Physical buttons outperform touchscreens in new cars, test finds

The i3 interior was way ahead of its time. It still looks fresh!

Totally, the i3 has it “dialed” on the interior and on controls. I especially agree that the center console dial + elevated screen location enables eyes-on-the-road interaction.

In general I miss the haptics and control of a stick shift and the console dial fills that void a bit, as you drop your hand to it similarly without a glance.

Have you ever bothered to train on the scribble pad of the jog wheel?
I was stunned to see it exist as feature but have never bother to become proficient…
I’m. hyper-miler so the Miler/KW is what I watch. I don’t mind the switching gears I’m constantly trying to get the recharge. I think the faster one is traveling the higher the recharge.

I replaced a 6 speed Volvo C30 that I use to think was great:)

I didn’t even know you could do that! I just looked it up and will have to give it a try.

Any other brand doing this with their glove box access? Improved HF reach for the driver granted, but the UX breaks all of the sensible and traditional rules in favor of screen based interaction and agency.

Wait for it…

Seems like overkill. I never had an issue with a manual glove box latch.

I have a friend in transportation design. He had lunch with some engineers and marketing people where he asked, “what do you think will replace these touchscreens”. Everyone looked at him strange and said, “what do you mean replace?!?! The touchscreen is the pinnacle!”.
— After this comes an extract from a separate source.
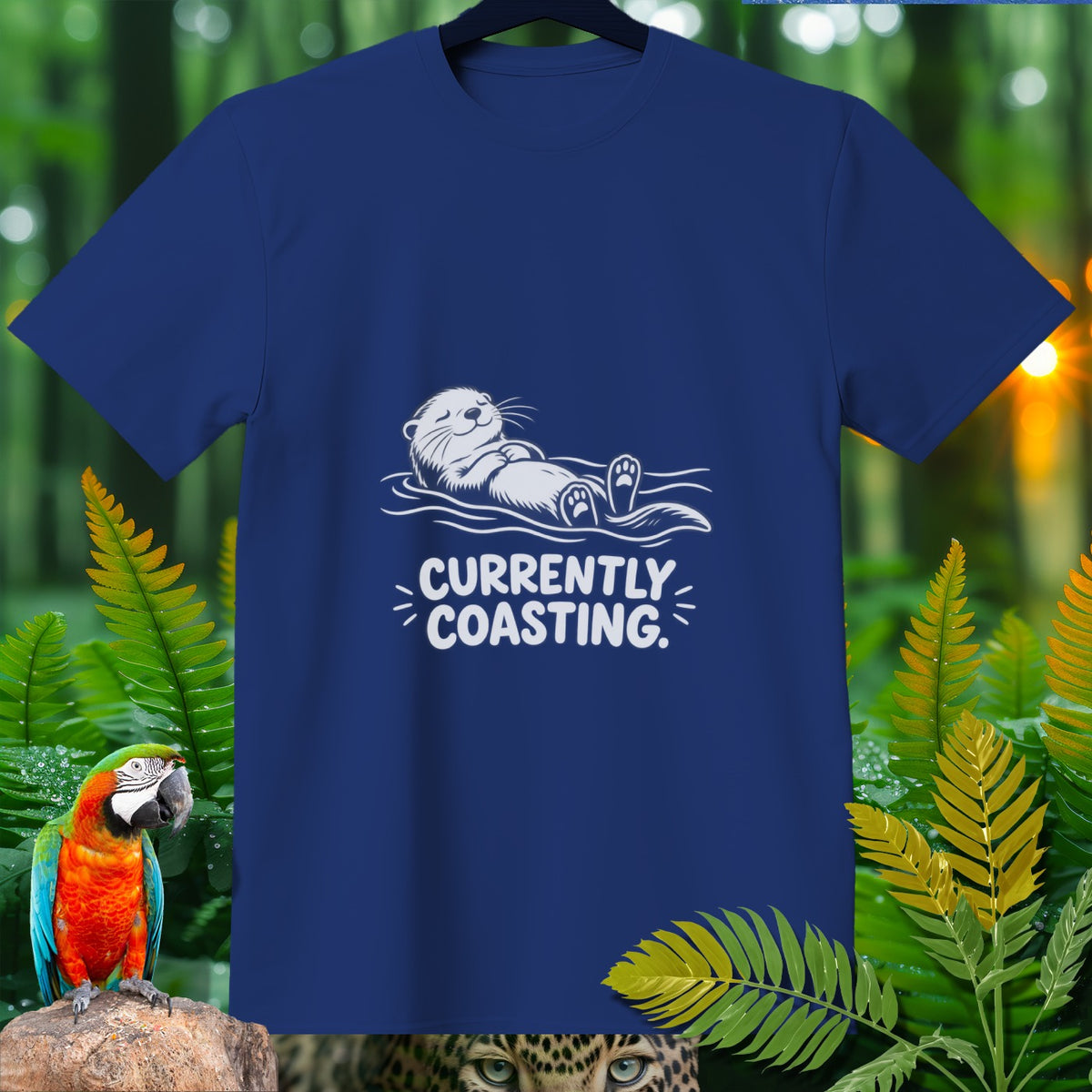Navy t-shirt with white graphic of otter floating and text "CURRENTLY COASTING."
I really like the TT solution. I think Bugatti does something similar with a screen that folds into the dash. I wish we saw more “pop-up” screens than full dash screens.

I truly believe that that the human interaction aspects of product will morph into more of last mile, weak binding, late compilation,… (choose your analogy) problem.
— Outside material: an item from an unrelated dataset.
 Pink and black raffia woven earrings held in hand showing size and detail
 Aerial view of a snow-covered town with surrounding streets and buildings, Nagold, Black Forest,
Meaning every product will be so bland from the factor. That local integrators will tailor them to meet our desires. A small dense rectangle with a screen will contain personal choices of our preferred modes of interaction. The devices we encounter will be a busy box of controls that will assume preferred configuration.

That is the world I’m trying to design for.

Apoliges for nothing exclusive to cars.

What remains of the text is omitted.